(Dataset entries)
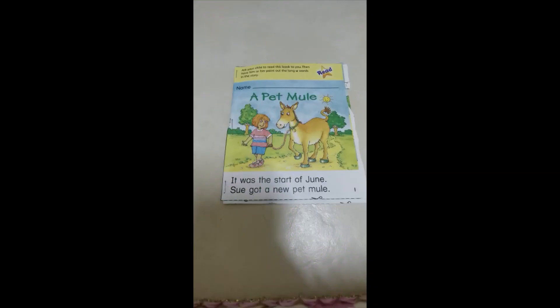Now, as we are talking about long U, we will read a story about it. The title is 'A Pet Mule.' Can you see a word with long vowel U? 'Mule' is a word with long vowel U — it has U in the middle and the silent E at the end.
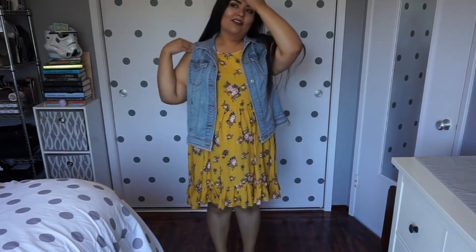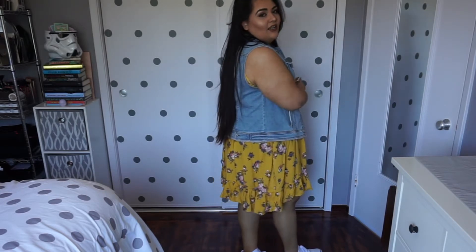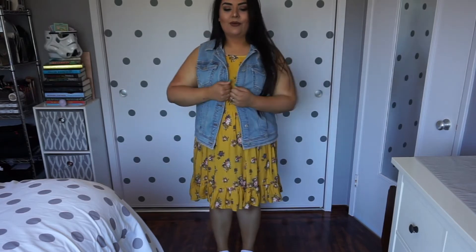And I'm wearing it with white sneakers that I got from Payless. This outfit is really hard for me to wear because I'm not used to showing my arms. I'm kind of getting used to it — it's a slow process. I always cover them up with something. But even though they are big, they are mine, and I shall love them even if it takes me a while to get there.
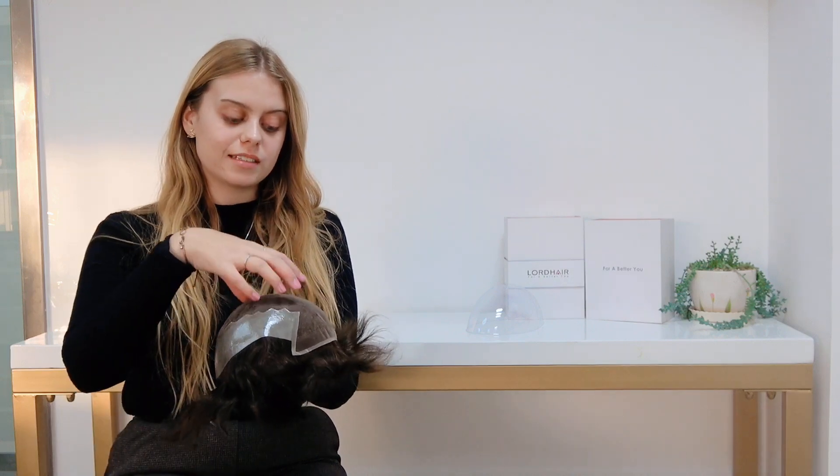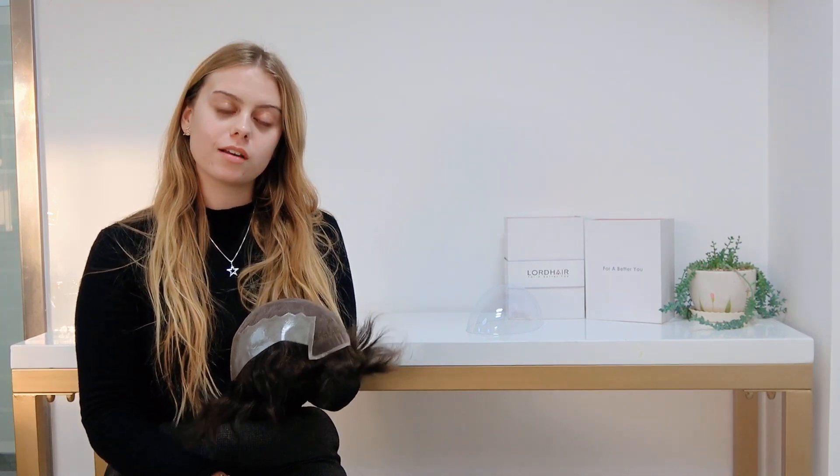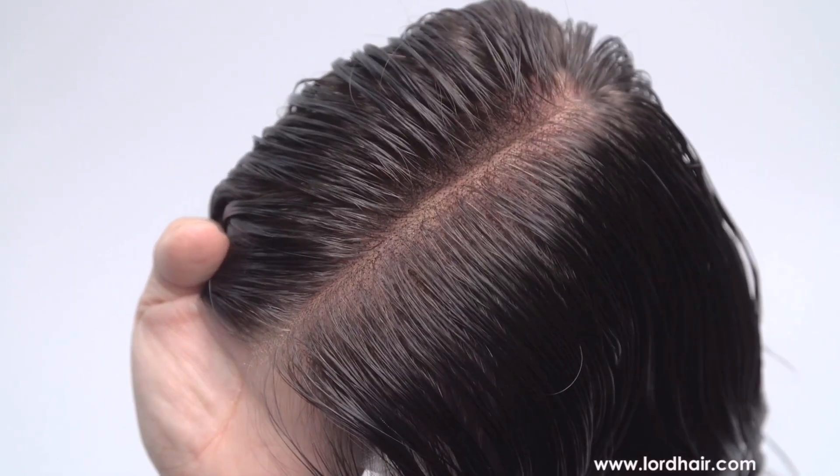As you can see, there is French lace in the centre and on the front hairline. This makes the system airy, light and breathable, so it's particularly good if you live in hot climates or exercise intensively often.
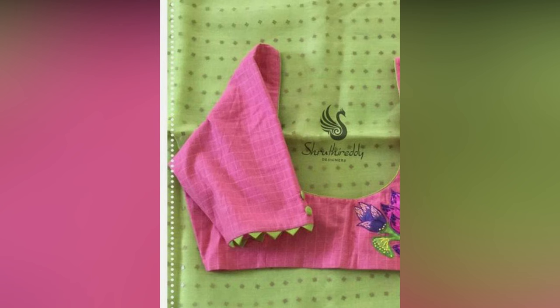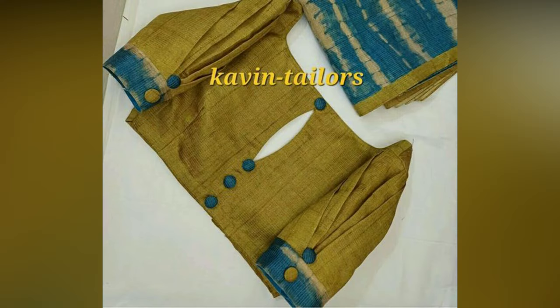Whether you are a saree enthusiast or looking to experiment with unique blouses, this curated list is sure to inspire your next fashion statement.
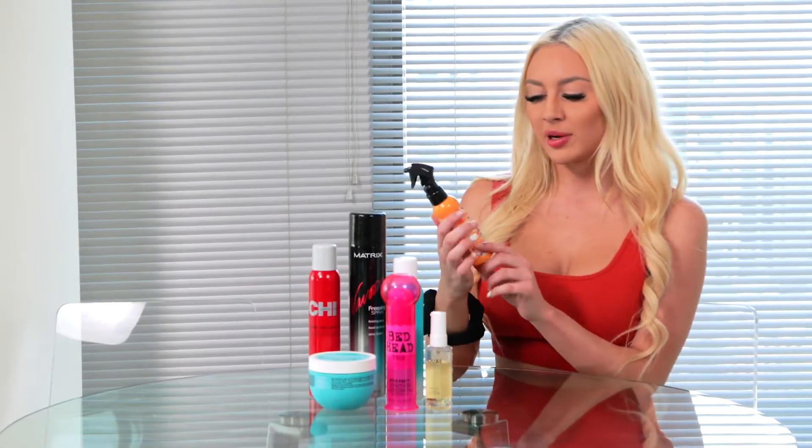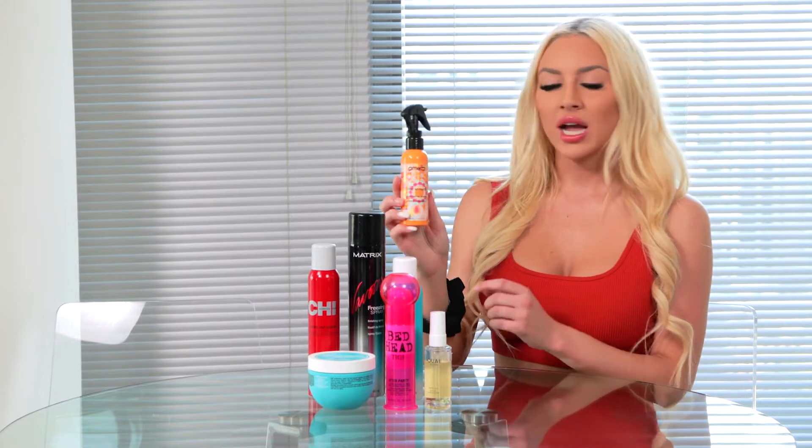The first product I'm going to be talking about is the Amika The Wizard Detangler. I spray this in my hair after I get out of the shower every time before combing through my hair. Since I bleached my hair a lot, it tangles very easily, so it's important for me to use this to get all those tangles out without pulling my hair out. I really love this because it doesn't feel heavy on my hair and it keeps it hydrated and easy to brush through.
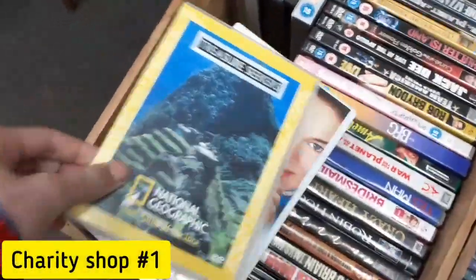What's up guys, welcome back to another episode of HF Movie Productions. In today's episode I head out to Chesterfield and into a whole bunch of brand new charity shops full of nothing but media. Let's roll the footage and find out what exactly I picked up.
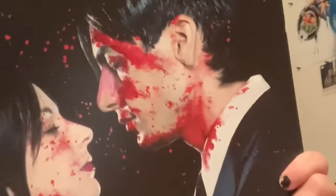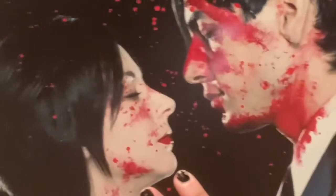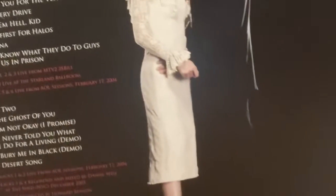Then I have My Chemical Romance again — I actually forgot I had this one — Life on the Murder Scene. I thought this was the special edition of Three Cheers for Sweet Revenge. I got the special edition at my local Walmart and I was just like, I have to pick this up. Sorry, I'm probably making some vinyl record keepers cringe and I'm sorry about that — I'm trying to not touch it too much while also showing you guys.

### Task item
In the copy, include every entry above exactly and leave out each picture.

### Task output
Now, as we are talking about long U, we will read a story about it. The title is 'A Pet Mule.' Can you see a word with long vowel U? 'Mule' is a word with long vowel U — it has U in the middle and the silent E at the end.
And I'm wearing it with white sneakers that I got from Payless. This outfit is really hard for me to wear because I'm not used to showing my arms. I'm kind of getting used to it — it's a slow process. I always cover them up with something. But even though they are big, they are mine, and I shall love them even if it takes me a while to get there.
As you can see, there is French lace in the centre and on the front hairline. This makes the system airy, light and breathable, so it's particularly good if you live in hot climates or exercise intensively often.
Whether you are a saree enthusiast or looking to experiment with unique blouses, this curated list is sure to inspire your next fashion statement.
The first product I'm going to be talking about is the Amika The Wizard Detangler. I spray this in my hair after I get out of the shower every time before combing through my hair. Since I bleached my hair a lot, it tangles very easily, so it's important for me to use this to get all those tangles out without pulling my hair out. I really love this because it doesn't feel heavy on my hair and it keeps it hydrated and easy to brush through.
What's up guys, welcome back to another episode of HF Movie Productions. In today's episode I head out to Chesterfield and into a whole bunch of brand new charity shops full of nothing but media. Let's roll the footage and find out what exactly I picked up.
Then I have My Chemical Romance again — I actually forgot I had this one — Life on the Murder Scene. I thought this was the special edition of Three Cheers for Sweet Revenge. I got the special edition at my local Walmart and I was just like, I have to pick this up. Sorry, I'm probably making some vinyl record keepers cringe and I'm sorry about that — I'm trying to not touch it too much while also showing you guys.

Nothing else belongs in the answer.